What I’m saying is to recognize that life is fleeting and that we’re all just humans, in the end. I believe in God’s time as always, and I don’t think it’s my time to go, yet. However, I also recognize the fact that as a human, one day I will rest in peace. Whether, it’s sooner or hopefully later. 

The feeling is quite bittersweet to recognize that you’re powerless against “life”, and God especially. Some know this fact, but take it in a negative way. I’ve heard phrases from certain people that I know such as, “Why tire myself to accomplish things when I’m just going to die at the end of the day?” For me personally, it’s because I know my time is limited on earth that I feel the need to accomplish something that I would be proud of. When I’m taking that last breath of life that God graced me with from the beginning to end, I would want to think about what choices I made and what I did with my life, instead of what I didn’t. 

The feeling is extremely painful to reflect back on choices you did not make because you were too fearful or skeptical. Almost in all of my errors that I committed thus far, I’ve learned something valuable from them. I usually say in plenty of my blogs where I’ve said things such as, “If I did not make those mistakes then and had someone correct me for it or even have myself recognize and correct my mistake, I would make the same error over and over again; and I will not be the same person that I am today.” Sometimes, you have to make the bad choices first, in order to make a good one. For others, it could be different too. That’s the beauty of life. 

Life actually grants us multiple chances, we probably don’t recognize them. Therefore, before it is time for me to go, I want to achieve feats that will make me proud of myself. What triggered me to write this blog was this one post I read from a wise person, @mitchteemly. There’s this quote he has in his blog “Life and Death”,

“Throughout the whole of life one must continue to learn to live, and what amazes us even more, throughout the whole of life one must continue to learn to die.” ~ Seneca 

That quote itself is amazing, and it helped me recognize a little more of how much there is yet, to discover about life and death. Thank you Mr. Teemly for your eye-opening blog!
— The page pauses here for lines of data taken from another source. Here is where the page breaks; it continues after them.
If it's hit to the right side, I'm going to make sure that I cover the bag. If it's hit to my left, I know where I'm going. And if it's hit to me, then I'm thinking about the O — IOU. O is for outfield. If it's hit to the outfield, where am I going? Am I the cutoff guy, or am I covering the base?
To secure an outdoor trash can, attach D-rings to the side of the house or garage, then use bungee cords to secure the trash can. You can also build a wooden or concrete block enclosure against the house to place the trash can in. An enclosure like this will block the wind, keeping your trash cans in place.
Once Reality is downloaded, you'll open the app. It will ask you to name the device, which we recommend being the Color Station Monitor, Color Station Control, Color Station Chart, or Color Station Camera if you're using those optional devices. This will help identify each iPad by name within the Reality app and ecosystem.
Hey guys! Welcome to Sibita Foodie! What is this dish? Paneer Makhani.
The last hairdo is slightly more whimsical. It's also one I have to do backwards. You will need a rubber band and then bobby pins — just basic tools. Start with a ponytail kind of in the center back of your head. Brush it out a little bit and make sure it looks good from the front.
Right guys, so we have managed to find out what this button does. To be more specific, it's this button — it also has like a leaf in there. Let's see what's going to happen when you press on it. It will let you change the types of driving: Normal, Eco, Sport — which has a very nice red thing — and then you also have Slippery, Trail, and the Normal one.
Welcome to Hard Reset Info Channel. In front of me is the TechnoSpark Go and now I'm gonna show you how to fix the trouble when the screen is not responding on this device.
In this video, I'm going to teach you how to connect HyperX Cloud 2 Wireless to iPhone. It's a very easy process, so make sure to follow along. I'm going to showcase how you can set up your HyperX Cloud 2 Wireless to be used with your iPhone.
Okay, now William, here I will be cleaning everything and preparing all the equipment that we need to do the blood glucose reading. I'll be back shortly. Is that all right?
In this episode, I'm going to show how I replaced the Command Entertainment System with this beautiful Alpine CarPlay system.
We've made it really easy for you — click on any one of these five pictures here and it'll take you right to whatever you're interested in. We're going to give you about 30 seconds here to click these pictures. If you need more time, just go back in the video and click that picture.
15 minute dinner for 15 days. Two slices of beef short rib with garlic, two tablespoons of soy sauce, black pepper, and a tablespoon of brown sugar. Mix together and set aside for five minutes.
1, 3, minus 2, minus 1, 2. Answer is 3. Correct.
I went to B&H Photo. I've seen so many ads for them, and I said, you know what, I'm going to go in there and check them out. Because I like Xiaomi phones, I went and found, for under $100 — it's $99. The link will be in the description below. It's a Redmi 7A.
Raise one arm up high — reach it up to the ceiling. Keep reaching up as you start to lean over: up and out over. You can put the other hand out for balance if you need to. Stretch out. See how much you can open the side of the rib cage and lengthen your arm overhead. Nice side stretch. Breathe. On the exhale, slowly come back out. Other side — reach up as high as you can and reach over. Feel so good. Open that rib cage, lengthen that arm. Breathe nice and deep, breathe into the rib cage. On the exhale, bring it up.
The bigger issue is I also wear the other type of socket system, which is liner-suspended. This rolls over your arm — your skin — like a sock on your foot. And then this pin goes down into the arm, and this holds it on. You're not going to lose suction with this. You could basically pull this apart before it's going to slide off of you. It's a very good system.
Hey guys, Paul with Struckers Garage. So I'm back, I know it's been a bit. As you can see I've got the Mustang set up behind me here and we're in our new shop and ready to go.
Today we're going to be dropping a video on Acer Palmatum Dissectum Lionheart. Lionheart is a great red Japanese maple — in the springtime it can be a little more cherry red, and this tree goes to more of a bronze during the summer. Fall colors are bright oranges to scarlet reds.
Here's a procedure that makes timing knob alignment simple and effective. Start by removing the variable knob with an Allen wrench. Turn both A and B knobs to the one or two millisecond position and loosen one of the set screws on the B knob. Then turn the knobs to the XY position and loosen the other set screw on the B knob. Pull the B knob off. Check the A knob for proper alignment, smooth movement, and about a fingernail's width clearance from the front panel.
I don’t want to die and I’m a little bit terrified of the thought, but I know one day I will. By continuing to learn to live, I will make choices, no matter what they are and what impact they may hold, that’ll make me grow as a person. Leading me to the last part of the quote, “throughout the whole of life one must continue to learn to die,” by making choices that I feel are right under God’s light, the day I die I will leave no regrets behind. So in a beautiful way, I am accepting and recognizing death.